We passed a half-dozen arches and even more ruin sites. The biggest ruin was across the valley and inaccessible. Three of the ruins had pictographs. The first had several faces in red and turquoise and other interesting signs. There were also some very faint pictures. Best was the ‘All American Man”, a red, white and blue shield man in a cave, high above the trail, with handprints beside him. According to a trail register there, some archaeologists thought that the image had to be modern, but radiocarbon dating proved that the paint was from about 1200. The next cave had negative hands and white dots, counting what? There was a lot to see in that five mile stretch. We turned around at an old cabin, the Kirk Ranch. There was an old wagon out front, some rusty buckets inside and lots of antlers, but not much else.
We didn’t see any wildlife aside from a pretty white hawk with black wingtips that looked almost like a gull and several swifts by the cabin. On the way back I counted seven arches, six ruins, one alcove with a few bits of pottery and a few places that might be archaeological sites but I couldn’t be sure.

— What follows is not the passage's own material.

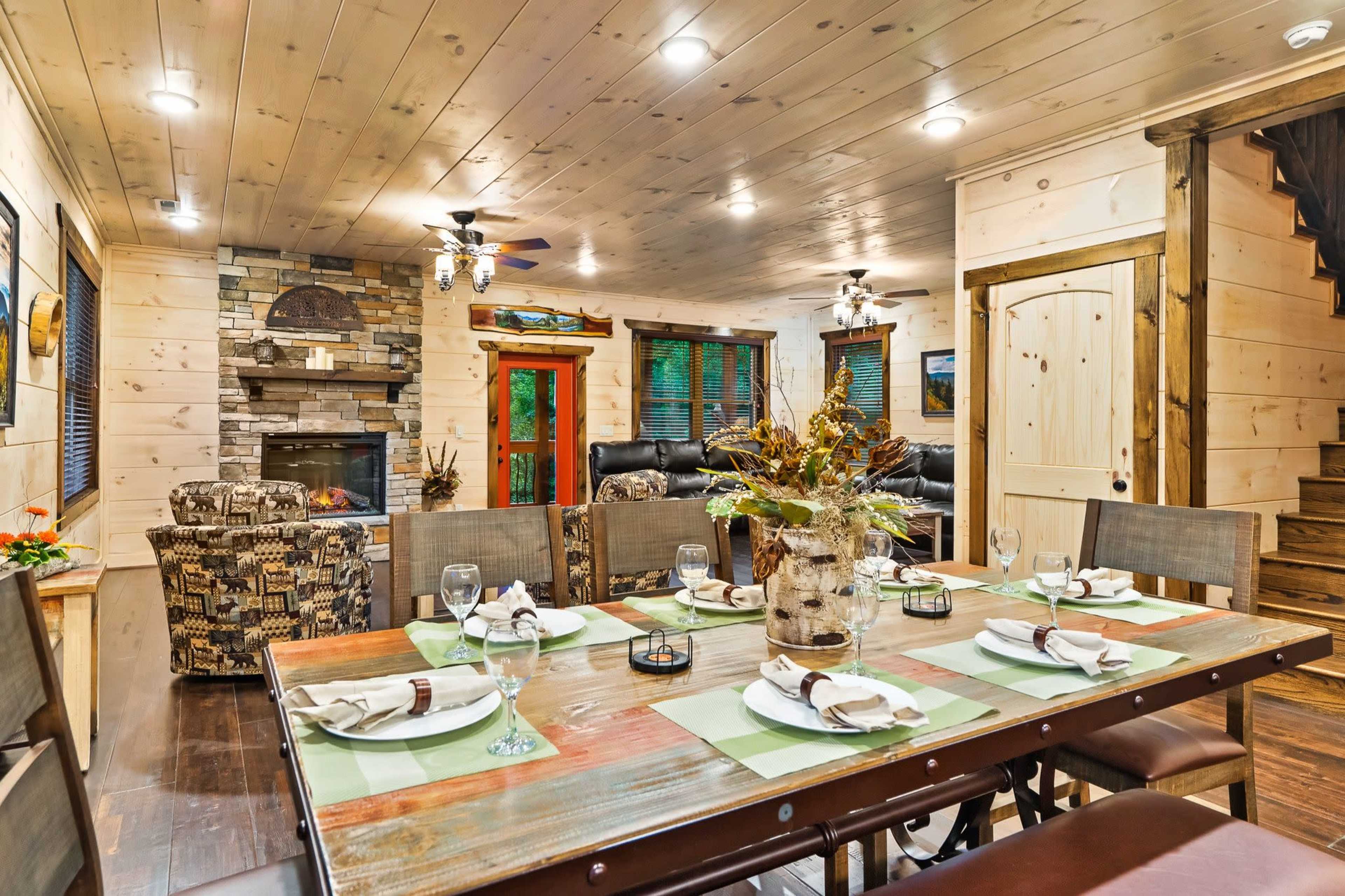 A dining table is set for a meal in a cozy wooden-paneled room featuring a stone fireplace and a staircase.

We went into a cave that was actually big boulders a couple of feet apart that made a slot. The light coming from above made a large white cross on the ground. Another interesting spot was a steep narrow climb up a rocky slot through a hole, larger than yesterday’s hole fortunately.

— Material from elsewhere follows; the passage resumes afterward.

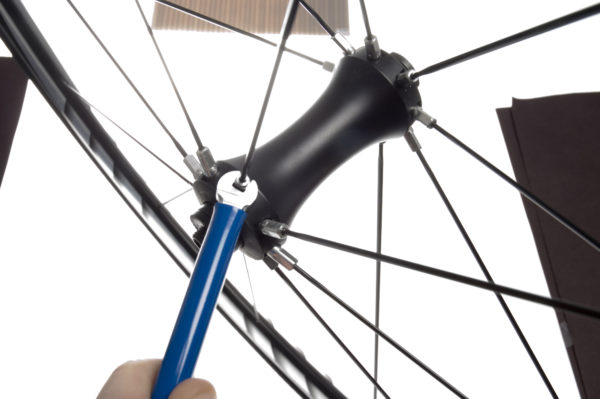 The Park Tool SW-14 Double-Ended Spoke Wrench — Shimano® engaged on Shimano® wheel nipple at the hub, click to enlarge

Although it threatened rain off and on, and dripped a couple of times, we managed to get back to our campsite without getting wet. Given the forecast, I wish we could move on a few miles but this campsite is the one we reserved and my impression of the ranger we met is that she wouldn’t be amenable to changes, even if we went five miles to the dispersed camping section. We passed the rangers on the way to the campsite, so they’ll be passing this way to check on us sooner or later.

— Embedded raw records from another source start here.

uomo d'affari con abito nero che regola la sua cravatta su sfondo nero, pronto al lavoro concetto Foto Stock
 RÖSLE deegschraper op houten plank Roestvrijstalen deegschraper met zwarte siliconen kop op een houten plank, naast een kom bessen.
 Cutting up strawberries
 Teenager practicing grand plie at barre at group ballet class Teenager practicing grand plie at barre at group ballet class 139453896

It has been fun doing such a leisurely hike. We stop and look, take lots of pictures, and still get to camp early. The only problem is my book won’t last. Tomorrow I’ll start Jim’s book.
Saturday, May 5 – 19 miles on Salt Creek
We fell asleep to the din of a thunderstorm, woke to the pitter patter of rain on the tent. We waited about an hour for the storm to pass, but finally gave up and packed up in the rain. That was a good thing, as it only got worse. About an hour up the trail it began to snow and sleet. We decided to push the pace and finish our hike today instead of tomorrow. Around noon the rain/snow stopped, but the dark clouds remained, so we kept moving.
We saw a couple of arches we missed coming in, but otherwise the hike was mostly memorable only for the weather. There were a few funny moments: when I tried to climb a very muddy steep hill, I kept sliding backwards. I grabbed a sage bush which got me part way up, but then I was stuck. Every time I tried to move forward I ended up sliding backwards. Finally I dropped to my knees and crawled up the hill. Jim went around, so had less trouble. Later we watched a squirrel cross the stream using the same rocks we had used to cross it. He leapt from rock to rock, keeping his feet dry. That was funny.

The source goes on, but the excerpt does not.